Friday, September 14, 2007

Shall We Dance?

The Aikido Tango

You gotta love this! Harald Ross and assistant Stefan in one of the absolute best Aikido demonstrations I have seen yet. Watching this has given me several new ideas to add to some of our lock-flow drills, as well as some Bagua applications.

Tai Chi Chuan Stepping and Aikido Stepping:
Here is part of an exchange between Pat at Mokuren Dojo and myself from earlier this year:
Hey, dude,
I have a question i've been pondering and I figure youre probably the one to answer it since you apparently know a ton more about Chinese arts than anyone else I have access to.
Why in the Chinese martial arts does it seem that they make a point of stepping down onto the heel first, when in Japanese martial arts they tend to preach to land on the ball of the feet first?
Well, I don't claim to be that expert on Chinese arts, but I have discussed this in the past with my Aikido instructor, Chuck McCarty.
He said the Japanese method of stepping method is do to rigid adherance to the sword arts, and possibly a bouncing mobility as in the way some systems spar. (think Kendo)
Chinese arts use a slightly less mobile root, in my opinion. Even in Bagua, which employs twisting and turning footwork, the foot is generally placed flat or heel first.
Formosa Neijia had a recent blog on how immobile some Taji practitioners are in their defense demonstrations, which is to a fault. I have learned a lot from my somewhat limited Aikido training (two years), and feel that cross-training has really helped my Tai Chi.
So with this in mind, I returned from a seminar with my Tai Chi Chuan instructor Michael Gilman last Saturday with some more "rooting" information.
When recieving a push or incoming force, we "root" to THE INSIDE of the rear foot, then release, return or discharge energy back through THE OUTSIDE of the rear foot. As you approach weighted root on the front foot, your root goes to THE INSIDE of the front foot. In this fashion, the root will always be in the INSIDE of one foot and the OUTSIDE of the other. Furthermore, another thing that was made evident is that the Aikido "hanmi" or basic stance is much narrower than the Tai Chi Chuan root. Much more like "walking a rail". This works for Aikido's rapid stepping patterns, (and sword technique) but not for more rooted things like push hands or close grappling.
Moving through the form and push hands with this new rooting technique (which he has been trying to get us to grasp for the last three seminars) has given us a new, deeper level to practice at.
Anybody have other ideas?


uchi deshi said...

I took your advice.

Dojo Rat said...

Ah, yes Tristan's Bucket. I love it!
Keep it going man, you are fortunate to have such an exceptional life experiance with the Dojo.
John @ Dojo Rat

JoseFreitas said...

Hi everyone

Well, I'll take exception and be the Devil's advocate here. No, I do not think that the Chinese arts use only, or even primarily heel-toe stepping. Yes, Taiji does primarily, and yes Bagua uses it also, but this is by no means a rule. Just look at Xingyi or Six Harmonies Praying Mantis, where you’d be hard pressed to find even one example of heel toe stepping (well, there are, but less than 10% probably). I will differ to higher authorities if needed, I’m only an enthusiastic dilettante, but I also think there are pretty good reasons to practice heel toe stepping. More on that below.

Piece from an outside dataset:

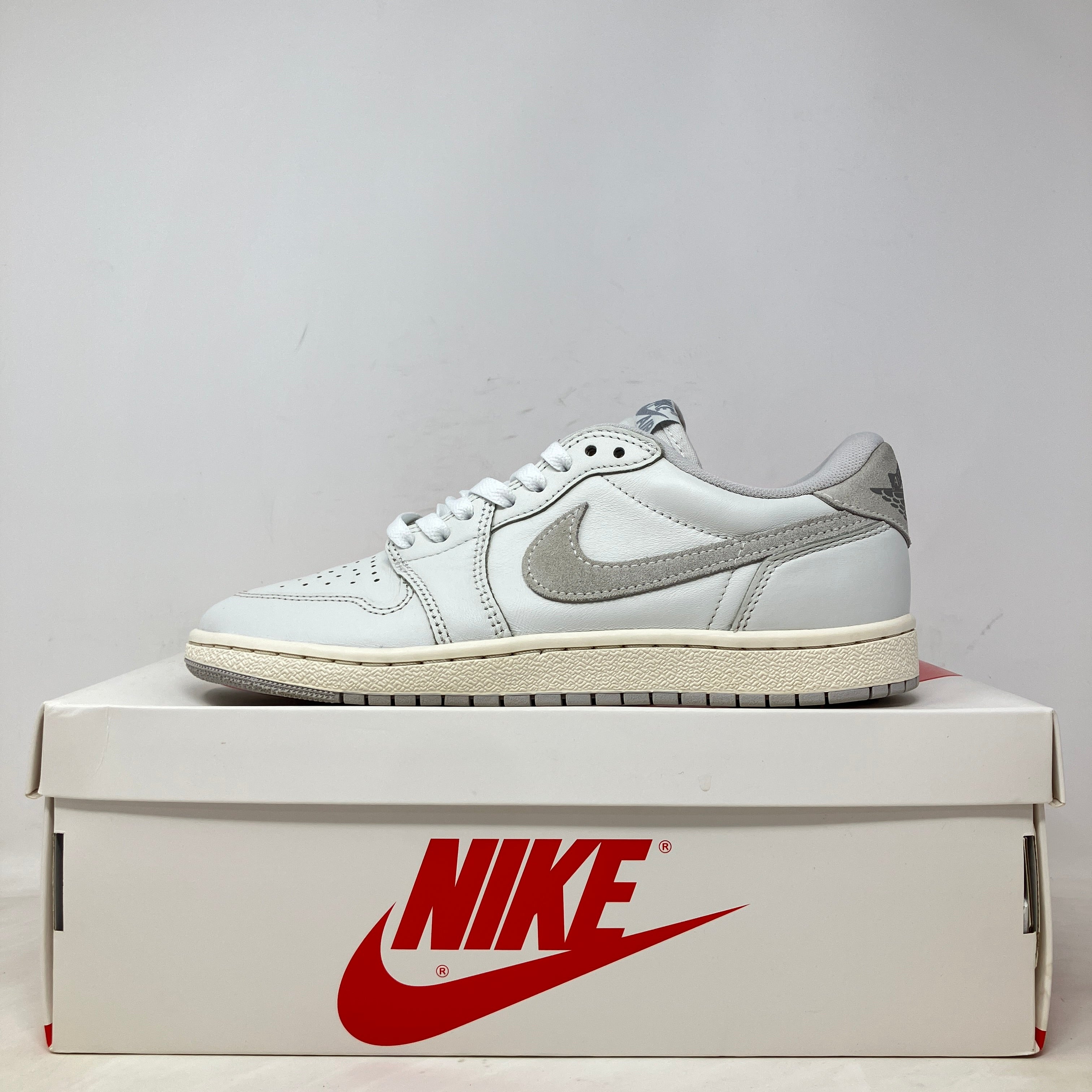 Jordan 1 Retro Low '85 Neutral Grey – Hidden Realm
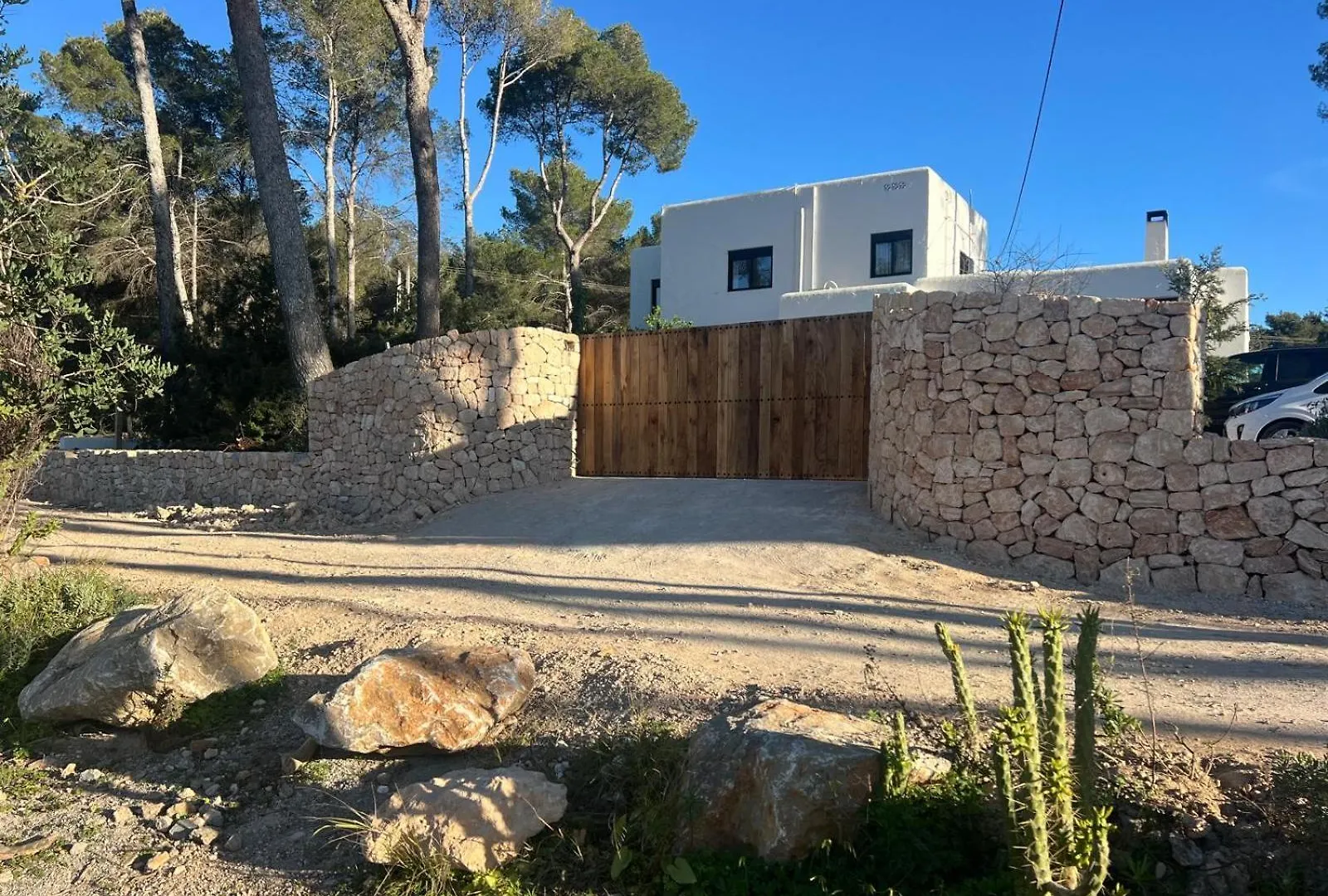 Spacious & Luxury Villa In Ibiza - Santa Gertrudis - Villa Chiquita  Santa Gertrudis (Ibiza)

Also, Bagua does not use only heel toe stepping or mud wading stepping. On could even make a point, given the insistence on the toes gripping the ground, that mud wading stepping could be used with a toes first stepping pattern (not really, but you get the point). But these are only training methods. In the linear drills, it’s hard to find heel toe stepping. Of the four different teachers who taught me Bagua, only one did not teach linear jump stepping patterns – and this admittedly because he doesn’t teach a complete Bagua curriculum, only a couple of things as a supplement to Xingyi. Most teachers show many different patterns, using toes first jump stepping. Even some famous forms use this. The Original Form of Jiang Rong Qiao uses Mud Wading steps when doing the circle but once you initiate a palm change, jump stepping and toes firt makes up a good 50% or even more. Look at the 36 Songs and 48 Sayings, they strongly make the case that toes first jumping steps are the key to mobility and speed. Liu Dekuan’s 64 Straight Line Palms is 80% toes first stepping. And so on, I could go on for hours.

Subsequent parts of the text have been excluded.